### What to produce
After reading the entries below, copy word for word the lines from the first through the line containing "Volkswagen Tharu 300TSI, моноприводный", and stop there.

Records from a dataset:
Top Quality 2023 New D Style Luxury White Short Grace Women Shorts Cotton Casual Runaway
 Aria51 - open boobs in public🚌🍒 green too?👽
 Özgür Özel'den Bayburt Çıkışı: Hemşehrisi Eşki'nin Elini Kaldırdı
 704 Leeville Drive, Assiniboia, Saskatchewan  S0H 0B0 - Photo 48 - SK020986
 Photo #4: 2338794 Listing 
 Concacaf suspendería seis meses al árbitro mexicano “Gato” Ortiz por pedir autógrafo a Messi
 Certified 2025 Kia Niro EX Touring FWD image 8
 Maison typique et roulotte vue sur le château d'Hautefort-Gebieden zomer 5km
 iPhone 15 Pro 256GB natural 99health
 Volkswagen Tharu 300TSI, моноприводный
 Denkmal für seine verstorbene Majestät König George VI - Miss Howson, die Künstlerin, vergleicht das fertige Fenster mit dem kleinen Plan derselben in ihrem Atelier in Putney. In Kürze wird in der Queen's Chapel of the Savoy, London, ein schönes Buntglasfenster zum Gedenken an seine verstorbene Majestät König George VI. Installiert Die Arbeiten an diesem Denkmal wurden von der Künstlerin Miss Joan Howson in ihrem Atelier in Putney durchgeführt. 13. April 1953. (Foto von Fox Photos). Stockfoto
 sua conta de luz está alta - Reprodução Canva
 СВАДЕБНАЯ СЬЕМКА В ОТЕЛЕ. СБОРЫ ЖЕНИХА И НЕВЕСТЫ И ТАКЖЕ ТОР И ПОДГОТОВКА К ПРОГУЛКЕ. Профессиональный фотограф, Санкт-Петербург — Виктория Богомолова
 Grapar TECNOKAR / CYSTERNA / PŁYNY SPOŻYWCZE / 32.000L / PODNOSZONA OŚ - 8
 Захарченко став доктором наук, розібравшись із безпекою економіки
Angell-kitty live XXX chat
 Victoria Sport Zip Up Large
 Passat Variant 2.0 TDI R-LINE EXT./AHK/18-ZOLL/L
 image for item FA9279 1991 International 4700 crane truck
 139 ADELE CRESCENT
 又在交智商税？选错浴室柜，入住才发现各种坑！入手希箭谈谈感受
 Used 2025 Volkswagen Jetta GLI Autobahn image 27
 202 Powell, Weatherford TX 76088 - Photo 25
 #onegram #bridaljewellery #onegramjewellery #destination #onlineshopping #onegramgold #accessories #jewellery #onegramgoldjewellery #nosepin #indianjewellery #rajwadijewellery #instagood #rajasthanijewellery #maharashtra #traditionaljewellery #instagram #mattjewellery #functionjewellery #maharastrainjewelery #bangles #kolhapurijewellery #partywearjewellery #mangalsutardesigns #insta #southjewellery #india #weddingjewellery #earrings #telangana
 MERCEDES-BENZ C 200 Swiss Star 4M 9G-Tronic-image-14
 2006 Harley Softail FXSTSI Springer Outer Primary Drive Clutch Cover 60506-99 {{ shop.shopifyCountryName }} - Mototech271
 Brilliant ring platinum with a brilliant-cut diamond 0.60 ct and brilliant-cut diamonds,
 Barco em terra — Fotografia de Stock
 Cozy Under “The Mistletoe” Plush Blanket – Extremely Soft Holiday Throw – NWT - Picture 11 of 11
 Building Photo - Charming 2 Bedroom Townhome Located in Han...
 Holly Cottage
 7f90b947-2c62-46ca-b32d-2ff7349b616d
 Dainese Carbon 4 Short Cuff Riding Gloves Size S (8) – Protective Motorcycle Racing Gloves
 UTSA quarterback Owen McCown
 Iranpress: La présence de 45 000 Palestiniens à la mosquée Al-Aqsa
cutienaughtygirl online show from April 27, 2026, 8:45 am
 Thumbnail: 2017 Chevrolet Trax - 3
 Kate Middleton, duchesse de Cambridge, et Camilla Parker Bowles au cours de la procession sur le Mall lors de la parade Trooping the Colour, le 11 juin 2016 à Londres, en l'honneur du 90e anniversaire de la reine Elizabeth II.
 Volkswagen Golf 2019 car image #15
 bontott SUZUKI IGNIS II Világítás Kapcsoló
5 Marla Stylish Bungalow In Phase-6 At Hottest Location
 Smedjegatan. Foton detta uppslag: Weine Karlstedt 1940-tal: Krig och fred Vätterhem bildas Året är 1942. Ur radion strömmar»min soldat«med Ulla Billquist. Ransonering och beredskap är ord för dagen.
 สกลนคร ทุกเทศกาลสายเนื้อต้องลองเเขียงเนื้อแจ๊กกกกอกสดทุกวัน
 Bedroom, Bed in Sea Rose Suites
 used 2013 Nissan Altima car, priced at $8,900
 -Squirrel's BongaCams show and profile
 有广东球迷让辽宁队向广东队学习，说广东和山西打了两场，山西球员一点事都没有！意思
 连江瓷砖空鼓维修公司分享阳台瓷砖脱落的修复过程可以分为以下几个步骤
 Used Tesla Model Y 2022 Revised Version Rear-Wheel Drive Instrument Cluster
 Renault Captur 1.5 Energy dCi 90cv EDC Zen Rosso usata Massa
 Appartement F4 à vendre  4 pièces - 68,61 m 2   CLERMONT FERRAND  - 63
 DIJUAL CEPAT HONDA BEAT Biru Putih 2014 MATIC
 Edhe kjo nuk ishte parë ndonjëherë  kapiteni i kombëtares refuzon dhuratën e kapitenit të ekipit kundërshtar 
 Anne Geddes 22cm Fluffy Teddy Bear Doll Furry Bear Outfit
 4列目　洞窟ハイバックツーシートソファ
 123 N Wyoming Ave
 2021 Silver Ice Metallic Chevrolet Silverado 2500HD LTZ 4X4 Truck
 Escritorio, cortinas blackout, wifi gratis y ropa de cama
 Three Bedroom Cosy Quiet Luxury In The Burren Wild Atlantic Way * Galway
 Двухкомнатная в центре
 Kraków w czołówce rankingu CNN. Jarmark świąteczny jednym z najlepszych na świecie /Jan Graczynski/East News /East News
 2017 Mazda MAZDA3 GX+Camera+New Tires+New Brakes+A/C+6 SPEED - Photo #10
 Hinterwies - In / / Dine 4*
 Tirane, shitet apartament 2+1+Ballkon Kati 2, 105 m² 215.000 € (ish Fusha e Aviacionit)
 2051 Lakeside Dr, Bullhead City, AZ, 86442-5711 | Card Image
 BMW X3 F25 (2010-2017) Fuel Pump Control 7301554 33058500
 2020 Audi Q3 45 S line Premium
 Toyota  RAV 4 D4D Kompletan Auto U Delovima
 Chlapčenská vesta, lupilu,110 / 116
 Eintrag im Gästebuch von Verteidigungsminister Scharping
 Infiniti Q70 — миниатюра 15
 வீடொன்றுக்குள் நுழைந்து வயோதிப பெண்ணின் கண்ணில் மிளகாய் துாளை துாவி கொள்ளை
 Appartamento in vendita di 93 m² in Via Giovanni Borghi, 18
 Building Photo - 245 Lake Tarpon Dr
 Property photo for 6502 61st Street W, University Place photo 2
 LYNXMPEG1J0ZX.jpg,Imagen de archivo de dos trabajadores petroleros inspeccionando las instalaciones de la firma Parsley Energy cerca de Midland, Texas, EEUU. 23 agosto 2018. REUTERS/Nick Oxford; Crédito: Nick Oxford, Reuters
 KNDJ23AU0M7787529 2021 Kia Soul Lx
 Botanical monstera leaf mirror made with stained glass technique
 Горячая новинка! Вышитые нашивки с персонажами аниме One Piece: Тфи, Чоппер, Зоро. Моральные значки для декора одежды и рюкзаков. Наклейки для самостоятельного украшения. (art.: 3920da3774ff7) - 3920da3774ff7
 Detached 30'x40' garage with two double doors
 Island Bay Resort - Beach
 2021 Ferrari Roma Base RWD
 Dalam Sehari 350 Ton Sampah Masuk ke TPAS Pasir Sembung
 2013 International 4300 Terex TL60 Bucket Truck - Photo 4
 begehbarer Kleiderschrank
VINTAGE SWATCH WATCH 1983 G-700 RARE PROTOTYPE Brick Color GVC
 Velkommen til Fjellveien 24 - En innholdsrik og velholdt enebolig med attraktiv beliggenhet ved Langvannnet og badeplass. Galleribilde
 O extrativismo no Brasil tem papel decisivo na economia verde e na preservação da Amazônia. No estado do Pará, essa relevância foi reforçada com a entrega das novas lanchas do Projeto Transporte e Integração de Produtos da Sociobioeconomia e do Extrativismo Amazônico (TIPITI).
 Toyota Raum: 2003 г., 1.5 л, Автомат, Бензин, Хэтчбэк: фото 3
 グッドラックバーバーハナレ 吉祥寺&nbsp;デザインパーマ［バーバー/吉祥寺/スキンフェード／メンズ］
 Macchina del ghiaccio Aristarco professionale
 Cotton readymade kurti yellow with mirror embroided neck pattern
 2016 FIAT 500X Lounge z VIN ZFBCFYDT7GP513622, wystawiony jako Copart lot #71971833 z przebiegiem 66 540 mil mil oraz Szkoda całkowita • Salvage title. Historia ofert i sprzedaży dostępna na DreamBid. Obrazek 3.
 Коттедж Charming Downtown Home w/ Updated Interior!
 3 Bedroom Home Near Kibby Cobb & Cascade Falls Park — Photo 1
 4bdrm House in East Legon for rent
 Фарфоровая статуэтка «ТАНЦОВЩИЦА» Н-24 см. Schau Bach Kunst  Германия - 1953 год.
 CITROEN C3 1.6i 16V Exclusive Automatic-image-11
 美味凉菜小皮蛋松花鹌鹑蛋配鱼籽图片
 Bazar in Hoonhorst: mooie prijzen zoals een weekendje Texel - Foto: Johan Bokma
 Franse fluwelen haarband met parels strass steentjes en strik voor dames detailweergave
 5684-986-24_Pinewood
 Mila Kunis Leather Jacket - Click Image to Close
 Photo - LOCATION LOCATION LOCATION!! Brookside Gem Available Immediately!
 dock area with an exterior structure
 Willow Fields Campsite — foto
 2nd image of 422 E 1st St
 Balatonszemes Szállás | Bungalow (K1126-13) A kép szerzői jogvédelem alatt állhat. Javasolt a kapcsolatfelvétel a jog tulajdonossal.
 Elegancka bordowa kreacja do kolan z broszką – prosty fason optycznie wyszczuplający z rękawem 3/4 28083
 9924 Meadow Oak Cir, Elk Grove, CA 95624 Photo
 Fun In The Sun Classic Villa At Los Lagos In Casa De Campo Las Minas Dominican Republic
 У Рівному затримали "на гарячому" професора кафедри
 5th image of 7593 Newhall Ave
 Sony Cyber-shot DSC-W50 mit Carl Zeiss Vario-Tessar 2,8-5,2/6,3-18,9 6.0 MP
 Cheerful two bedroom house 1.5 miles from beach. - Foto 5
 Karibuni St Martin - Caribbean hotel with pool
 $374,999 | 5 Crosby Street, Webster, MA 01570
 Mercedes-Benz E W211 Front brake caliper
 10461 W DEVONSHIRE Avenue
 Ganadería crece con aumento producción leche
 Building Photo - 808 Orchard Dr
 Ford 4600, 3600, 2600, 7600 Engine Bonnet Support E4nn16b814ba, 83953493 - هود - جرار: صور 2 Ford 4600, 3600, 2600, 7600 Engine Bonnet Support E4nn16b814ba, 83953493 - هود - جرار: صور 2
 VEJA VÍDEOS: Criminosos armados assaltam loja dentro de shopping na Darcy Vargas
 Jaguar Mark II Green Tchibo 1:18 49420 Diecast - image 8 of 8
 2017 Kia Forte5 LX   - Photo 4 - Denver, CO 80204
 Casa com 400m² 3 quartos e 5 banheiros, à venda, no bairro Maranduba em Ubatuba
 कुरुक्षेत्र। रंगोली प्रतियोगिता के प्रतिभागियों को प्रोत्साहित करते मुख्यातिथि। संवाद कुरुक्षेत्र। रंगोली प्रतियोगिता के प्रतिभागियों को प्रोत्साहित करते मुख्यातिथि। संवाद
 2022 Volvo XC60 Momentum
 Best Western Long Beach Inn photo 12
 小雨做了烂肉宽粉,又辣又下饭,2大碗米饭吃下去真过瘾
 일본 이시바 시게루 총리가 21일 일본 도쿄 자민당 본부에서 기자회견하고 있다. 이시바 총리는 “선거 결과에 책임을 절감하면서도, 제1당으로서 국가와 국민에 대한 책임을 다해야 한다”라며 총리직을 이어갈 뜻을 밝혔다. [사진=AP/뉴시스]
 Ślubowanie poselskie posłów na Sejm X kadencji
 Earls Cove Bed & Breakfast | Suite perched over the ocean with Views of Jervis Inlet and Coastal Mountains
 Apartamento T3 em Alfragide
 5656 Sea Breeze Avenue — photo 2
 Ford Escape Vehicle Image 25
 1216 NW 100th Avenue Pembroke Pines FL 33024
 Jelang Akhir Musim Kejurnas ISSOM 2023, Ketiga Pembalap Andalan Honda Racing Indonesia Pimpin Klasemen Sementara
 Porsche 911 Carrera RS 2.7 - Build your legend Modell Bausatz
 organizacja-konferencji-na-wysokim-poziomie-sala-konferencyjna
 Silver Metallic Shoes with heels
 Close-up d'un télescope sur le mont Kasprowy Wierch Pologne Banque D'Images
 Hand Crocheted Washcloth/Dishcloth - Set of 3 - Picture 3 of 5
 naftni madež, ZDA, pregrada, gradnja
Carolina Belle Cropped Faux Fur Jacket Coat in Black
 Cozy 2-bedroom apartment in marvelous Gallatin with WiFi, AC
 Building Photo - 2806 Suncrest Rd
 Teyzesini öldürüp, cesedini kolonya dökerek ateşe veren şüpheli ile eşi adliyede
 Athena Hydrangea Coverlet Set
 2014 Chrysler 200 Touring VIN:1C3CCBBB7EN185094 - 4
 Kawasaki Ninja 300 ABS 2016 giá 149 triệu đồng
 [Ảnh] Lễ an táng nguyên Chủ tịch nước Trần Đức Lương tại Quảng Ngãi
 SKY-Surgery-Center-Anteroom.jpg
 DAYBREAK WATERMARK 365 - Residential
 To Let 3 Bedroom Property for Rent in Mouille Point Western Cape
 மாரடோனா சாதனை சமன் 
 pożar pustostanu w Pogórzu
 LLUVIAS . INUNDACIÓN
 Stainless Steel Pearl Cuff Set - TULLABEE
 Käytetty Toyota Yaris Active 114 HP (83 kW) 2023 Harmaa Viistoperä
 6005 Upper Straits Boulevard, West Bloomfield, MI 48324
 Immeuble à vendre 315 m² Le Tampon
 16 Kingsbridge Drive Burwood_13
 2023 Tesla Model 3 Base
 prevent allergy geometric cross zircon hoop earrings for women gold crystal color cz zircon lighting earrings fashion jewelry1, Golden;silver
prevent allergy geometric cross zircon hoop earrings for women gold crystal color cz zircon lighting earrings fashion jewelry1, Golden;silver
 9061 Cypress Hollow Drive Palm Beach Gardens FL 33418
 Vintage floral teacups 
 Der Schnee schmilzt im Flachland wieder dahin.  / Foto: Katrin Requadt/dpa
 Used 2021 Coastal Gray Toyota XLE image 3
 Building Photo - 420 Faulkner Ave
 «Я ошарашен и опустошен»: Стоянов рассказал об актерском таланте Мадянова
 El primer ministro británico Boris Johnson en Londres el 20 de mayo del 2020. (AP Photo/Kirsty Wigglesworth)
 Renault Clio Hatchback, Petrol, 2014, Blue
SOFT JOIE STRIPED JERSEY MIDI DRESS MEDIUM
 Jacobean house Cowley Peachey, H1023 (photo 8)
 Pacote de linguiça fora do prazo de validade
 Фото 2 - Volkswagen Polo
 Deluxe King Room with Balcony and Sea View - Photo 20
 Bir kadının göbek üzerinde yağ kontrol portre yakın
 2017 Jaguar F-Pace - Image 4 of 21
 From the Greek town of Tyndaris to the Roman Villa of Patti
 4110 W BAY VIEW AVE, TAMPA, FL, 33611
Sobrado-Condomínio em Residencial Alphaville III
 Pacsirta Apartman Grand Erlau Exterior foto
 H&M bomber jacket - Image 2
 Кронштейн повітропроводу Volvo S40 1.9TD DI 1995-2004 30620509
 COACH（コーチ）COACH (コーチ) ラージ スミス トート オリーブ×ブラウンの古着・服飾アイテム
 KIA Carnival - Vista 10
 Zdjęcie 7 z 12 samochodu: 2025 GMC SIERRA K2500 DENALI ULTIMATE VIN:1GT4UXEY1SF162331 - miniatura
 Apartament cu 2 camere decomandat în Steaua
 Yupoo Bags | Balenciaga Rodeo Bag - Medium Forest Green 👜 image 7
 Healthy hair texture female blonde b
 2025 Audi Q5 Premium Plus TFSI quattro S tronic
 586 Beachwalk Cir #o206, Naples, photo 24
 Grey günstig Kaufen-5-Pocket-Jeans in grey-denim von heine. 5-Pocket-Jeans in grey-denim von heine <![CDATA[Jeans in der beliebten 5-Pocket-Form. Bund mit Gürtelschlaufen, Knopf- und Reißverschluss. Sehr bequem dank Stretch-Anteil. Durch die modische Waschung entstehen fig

### Task response
Top Quality 2023 New D Style Luxury White Short Grace Women Shorts Cotton Casual Runaway
 Aria51 - open boobs in public🚌🍒 green too?👽
 Özgür Özel'den Bayburt Çıkışı: Hemşehrisi Eşki'nin Elini Kaldırdı
 704 Leeville Drive, Assiniboia, Saskatchewan  S0H 0B0 - Photo 48 - SK020986
 Photo #4: 2338794 Listing 
 Concacaf suspendería seis meses al árbitro mexicano “Gato” Ortiz por pedir autógrafo a Messi
 Certified 2025 Kia Niro EX Touring FWD image 8
 Maison typique et roulotte vue sur le château d'Hautefort-Gebieden zomer 5km
 iPhone 15 Pro 256GB natural 99health
 Volkswagen Tharu 300TSI, моноприводный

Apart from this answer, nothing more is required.